The clock algorithm proceeds in increments, usually sweeping a small fraction of the in-memory pages at a time, and keeps a record of its current position between increments of sweeping. This allows it to resume its sweeping from that page at the next increment. Technically, this simple clock scheme is known as "second chance" algorithm, because it gives a page a second chance to stay in memory---one more sweep cycle.

More refined versions of the clock algorithm may keep multiple bits, recording whether a page has been touched in the last two cycles, or even three or four. Only one hardware-supported bit is needed for this, however. Rather than just testing the hardware supported bit, the clock hand records the current value of the bit before resetting it, for use next time around. Intuitively, it would seem that the more bits are used, the more precise an approximation of LRU we'd get, but that's usually not the case. Once two bits are used, clock algorithms don't generally get much better, due to fundamental weaknesses of clock algorithms.

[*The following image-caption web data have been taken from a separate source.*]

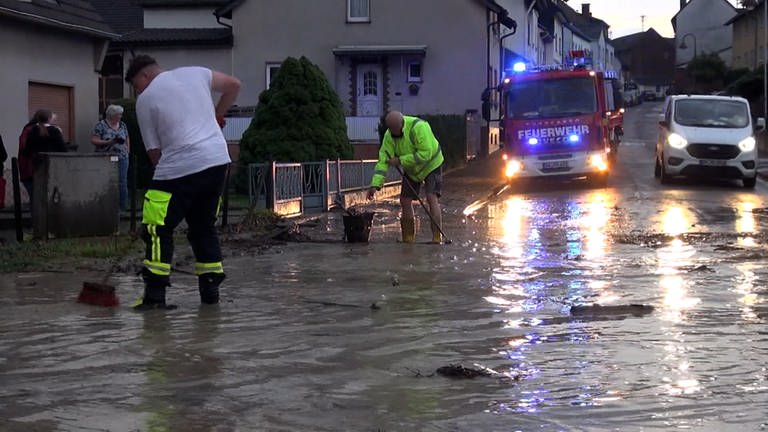 Menschen auf einer überfluteten Straße in Grafschaft (Foto: SWR)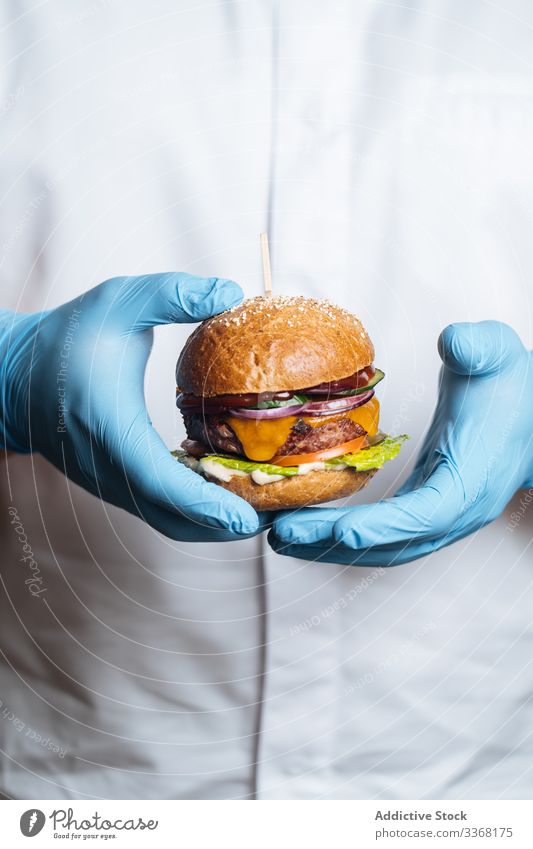 Anonyme Person mit Burger mit gebratener Frikadelle und frischem Gemüse Fastfood Straßenessen Speise Restaurant Pastetchen Saucen Zwiebel Salat Hirschfleisch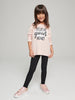 Young girl wearing a pink sweatshirt with 'BELIEVE YOUR HEART' text on a gray background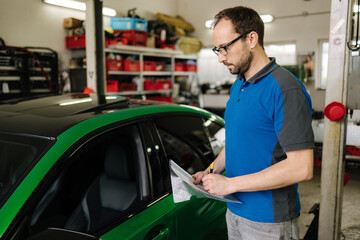 Portrait of male owner of car repair shop. Mechanic detailed vehicle inspection. Auto service centre concept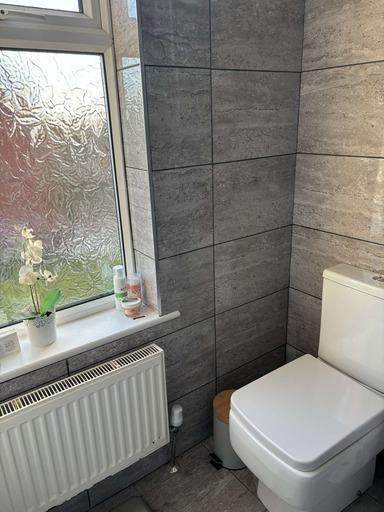 A modern bathroom featuring a clean toilet, a f...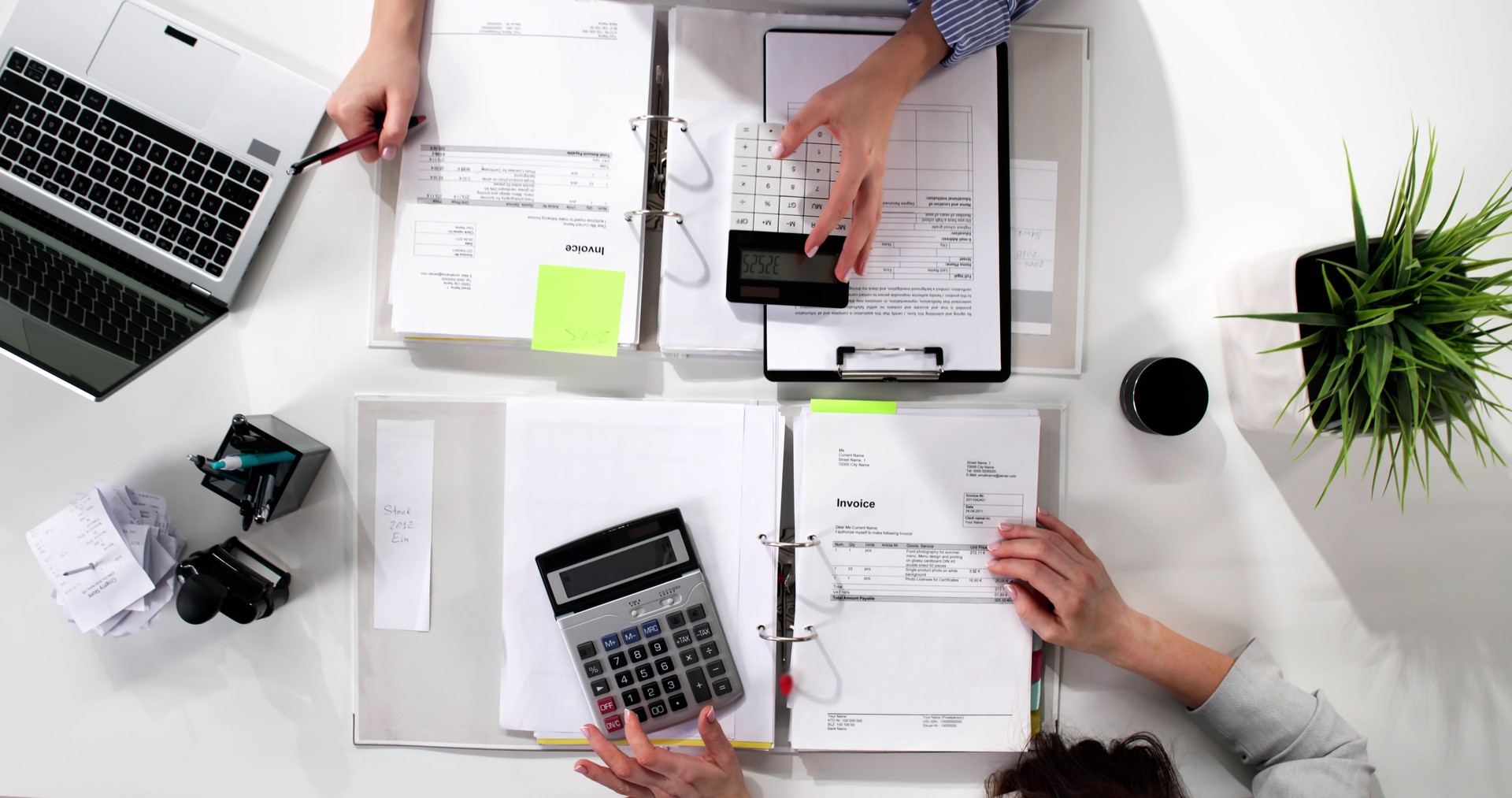 Top view of young woman accountant doing tax audit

Linux uses a simple second-chance (one-bit clock) algorithm, sort of, but with several elaborations and complications. The main clock algorithm is implemented by the kernel swap demon, a kernel thread that runs the procedure kswapd(). kswapd is an infinite loop, which incrmentally scans all the normal VM pages subject to paging, then starting over. Kswapd generally does its clock sweeping in increments, and sleeps in between increments so that normal processes may run.

Linux performs a clock sweep over the *virtual* pages, by cycling through each process's pages in address order. For this it uses the vm_area mappings and page tables of the processes, so that it can scan the pages of each process sequentially. Rather than sweeping through all of the pages of an an entire process before switching to another, the main clock tries to evict a batch of pages from a process, and then move on to another process. It visits all of the (pageable) processes and then repeats. The effect of this is that there is a large number of distinct clock sweeps, one per pageable proceses, and the overall clock sweep advances each of these smaller sweeps periodically.